Há 13 mil anos, essas e outras populações são responsáveis pela configuração e composição da Amazônia. Tanto que, na avaliação de especialistas, as Terras Indígenas (TIs) são os territórios mais conservados e essenciais na luta contra as mudanças climáticas. Porém, ele alerta que hoje, mesmo sem a trafegabilidade adequada na BR-319, as populações já sofrem com a expansão da pecuária, extração de madeira, grilagem, mineração e outros problemas socioambientais em seus territórios.
Outro efeito preocupante é o “espinha de peixe”, que nasce com a abertura de estradas e ramais ilegais. Segundo um estudo recém-publicado pelo OBR-319, atualmente existem 45.495 feições lineares, totalizando 18.897 quilômetros de extensão.
“O problema da BR-319, em relação aos povos indígenas, não é a estrada como linha conectiva, mas que a sua consolidação desordenada abra uma ferida mortal na Amazônia. Ou seja, um eventual desmonte das Unidades de Conservação, Terras Indígenas, Reservas de Desenvolvimento Sustentável [RDS] e outros territórios”, afirma Aparicio, que também é o presidente do Observatório dos Direitos Humanos dos Povos Indígenas Isolados e de Recente Contato (Opi).
Com tantas ameaças, muitas etnias decidiram restringir o contato com o restante da sociedade. São os chamados “povos isolados”. O pesquisador pontua que há registros expressivos nas bacias dos rios Purus e Madeira, vivendo uma situação de cerco nos seus territórios e conscientes dos processos em curso na BR-319 e na área de influência.
“Para além da condição de vítima, os povos indígenas estão produzindo soluções sustentáveis há muito tempo. Eu considero que as soluções para os impactos da BR-319 já foram formuladas pelas populações que ocupam a área de influência. Eles já têm as soluções. O que precisamos é ampliar a escala para outras populações”, finaliza.
Informativo nº 72 do OBR-319
O informativo nº 72 do OBR-319, lançado neste mês, apresenta novas notícias ligadas a questões socioambientais na rodovia. A matéria principal, na seção “Destaque do Mês”, trata sobre a derrubada de 56 presenciais à Lei de Licenciamento Ambiental, conhecida como Lei da Devastação. A decisão do Congresso Nacional ocorreu menos de uma semana após a 30ª Conferência das Nações Unidas sobre Mudança do Clima (COP30) e traz flexibilização para uma série de exigências, além de abrir caminho para a retomada de obras de infraestrutura, incluindo a repavimentação da BR-319.
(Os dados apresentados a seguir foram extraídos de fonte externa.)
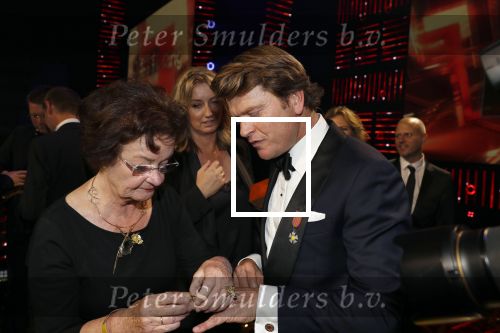 Amsterdam 11 oktober 2018
Uitreiking televizierring in AFAS LIVE.
Beau v Erven Dorens in de grote winnaar. Beau met ontwerpster ring
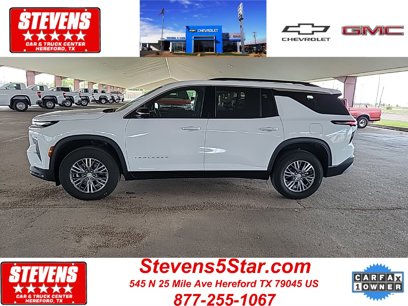 Used 2024 Chevrolet Traverse LT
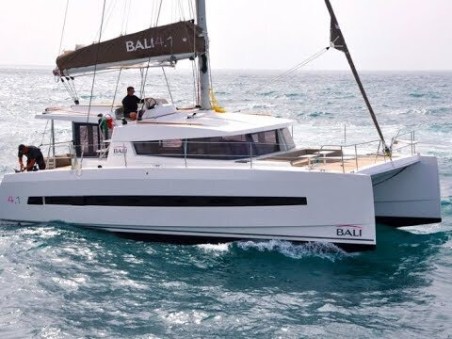 Catana Group Bali 4.1 - 4 cab. Efi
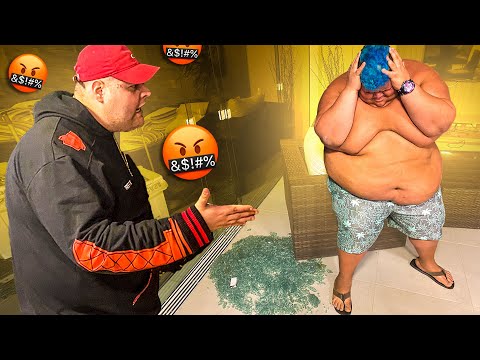 FININHO QUEBROU O VIDRO DA MANSAO DO MAUMAU E DEU RUIM!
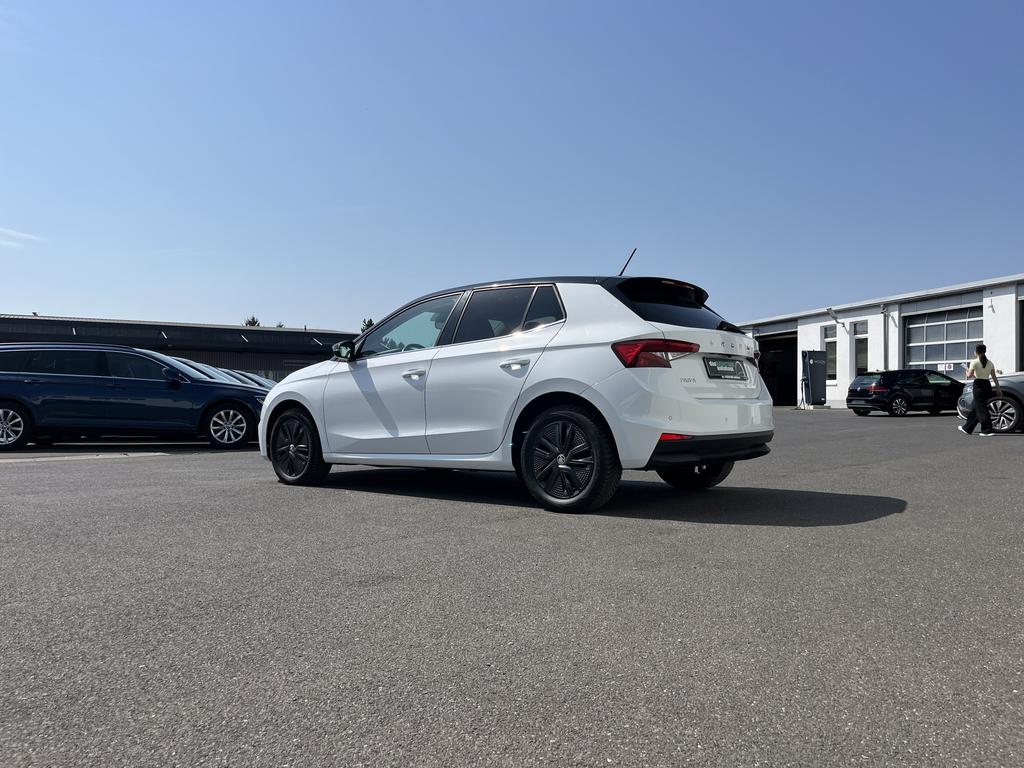 Skoda Fabia 2022 г. Белый, пробег 26995 км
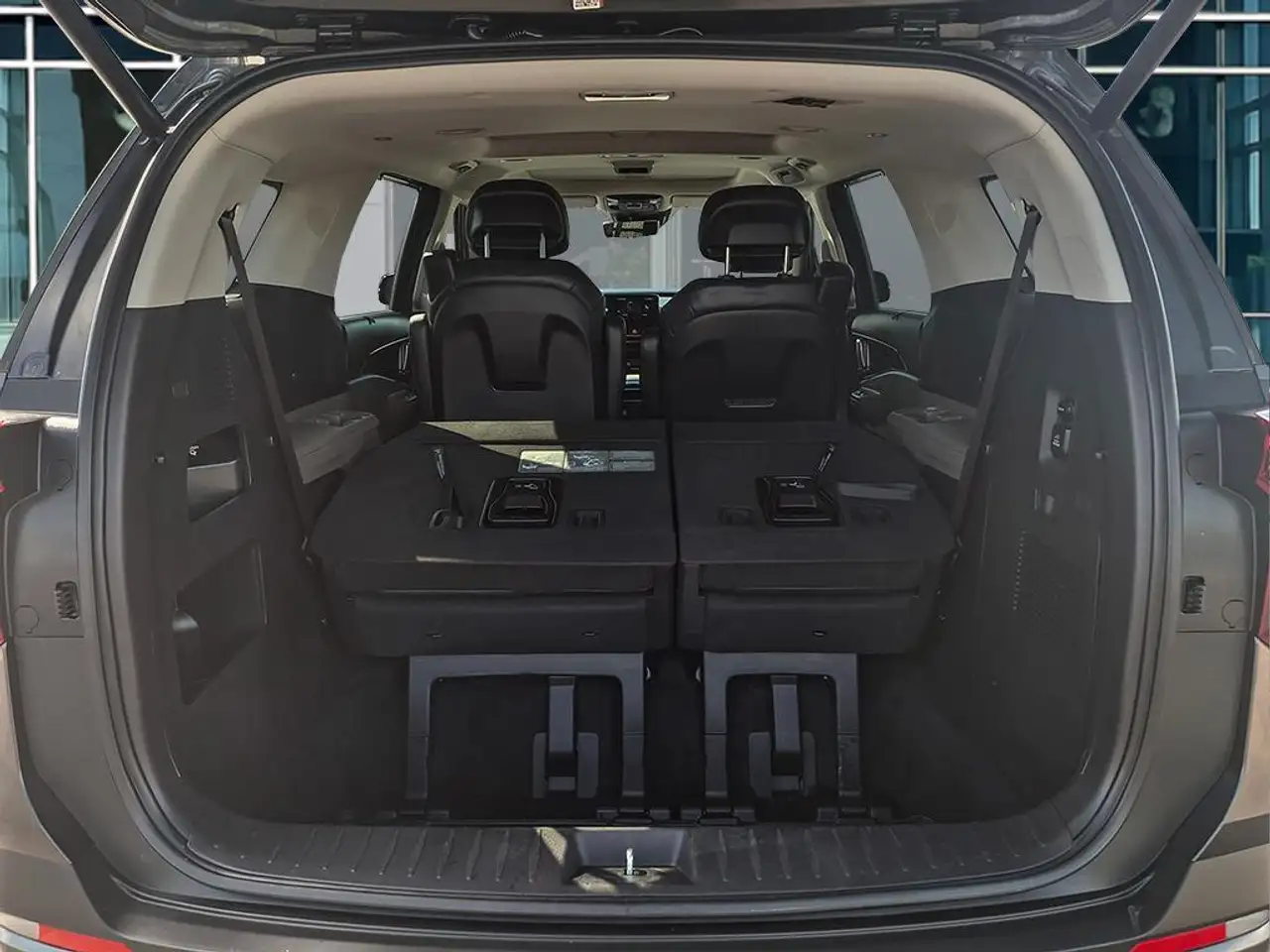 Kia Carnival photo Kia Carnival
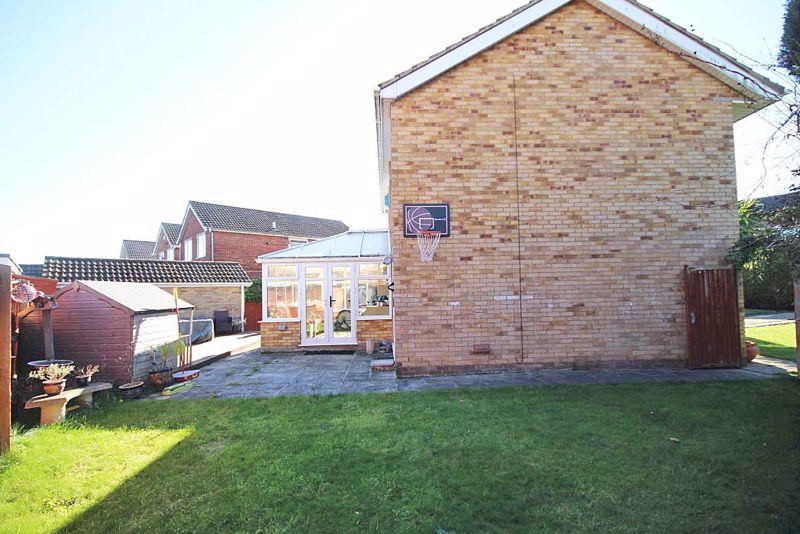 4 bedroom detached house for sale in Wybers Way, Grimsby , DN37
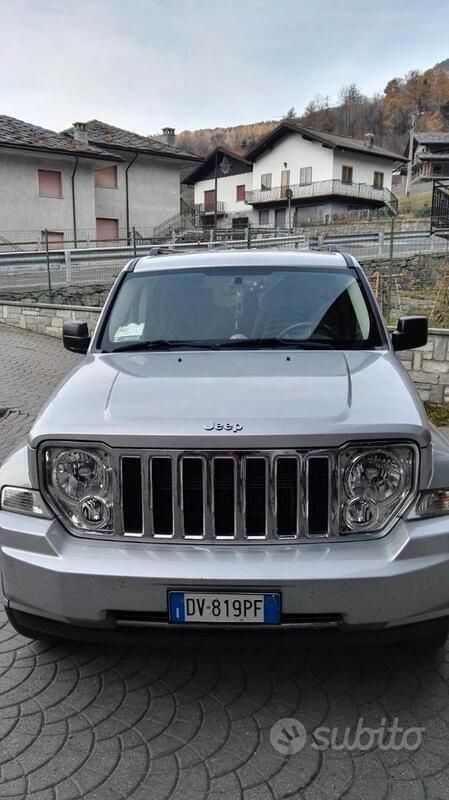 Usata Jeep Cherokee 177 CV (130 kW) 2010 SUV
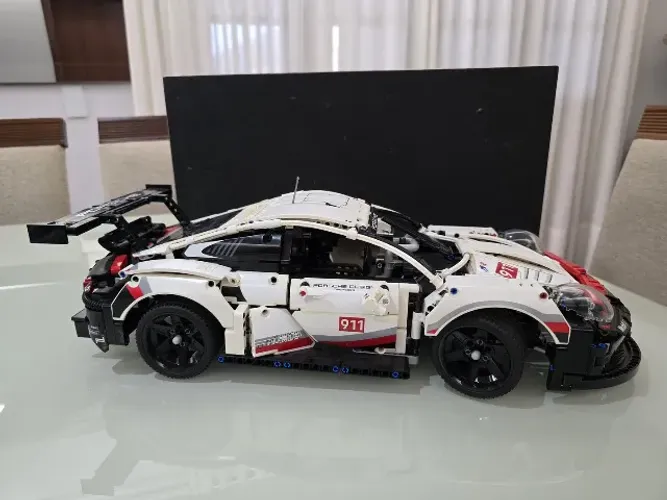 Lego Technic Porsche 911 RSR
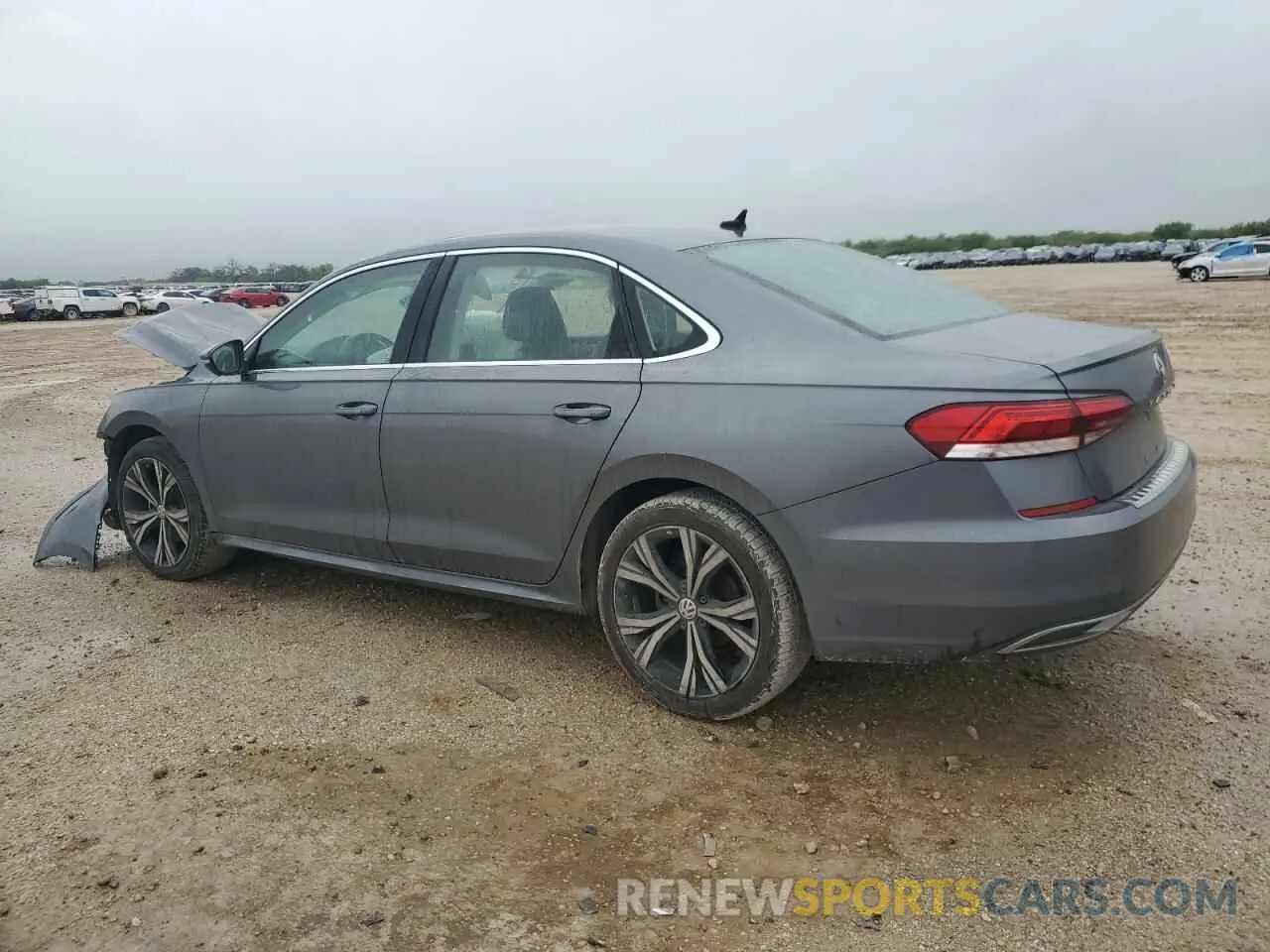 2 fotografías del automóvil dañado 1VWSA7A32MC002020 VOLKSWAGEN PASSAT 2021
A seção “Interior em Foco” aborda o projeto “Pedagogia da Floresta”, desenvolvido em uma escola na Reserva de Desenvolvimento Sustentável (RDS) Igapó-Açu com o propósito de fortalecer vínculos entre escola, comunidade e natureza. A iniciativa propõe uma educação conectada aos modos de vida das populações, aos saberes tradicionais e à conservação ambiental, além de prever melhorias na infraestrutura e formação continuada para professores.
O informativo também traz infográficos com dados atualizados de novembro sobre desmatamento e focos de calor nos 13 municípios da BR-319, 42 Unidades de Conservação (UCs) e em 69 Terras Indígenas (TIs) da região, com base na plataforma Desmatamento em Tempo Real (Deter) e no Programa Queimadas, ambos do Instituto Nacional de Pesquisas Espaciais (Inpe).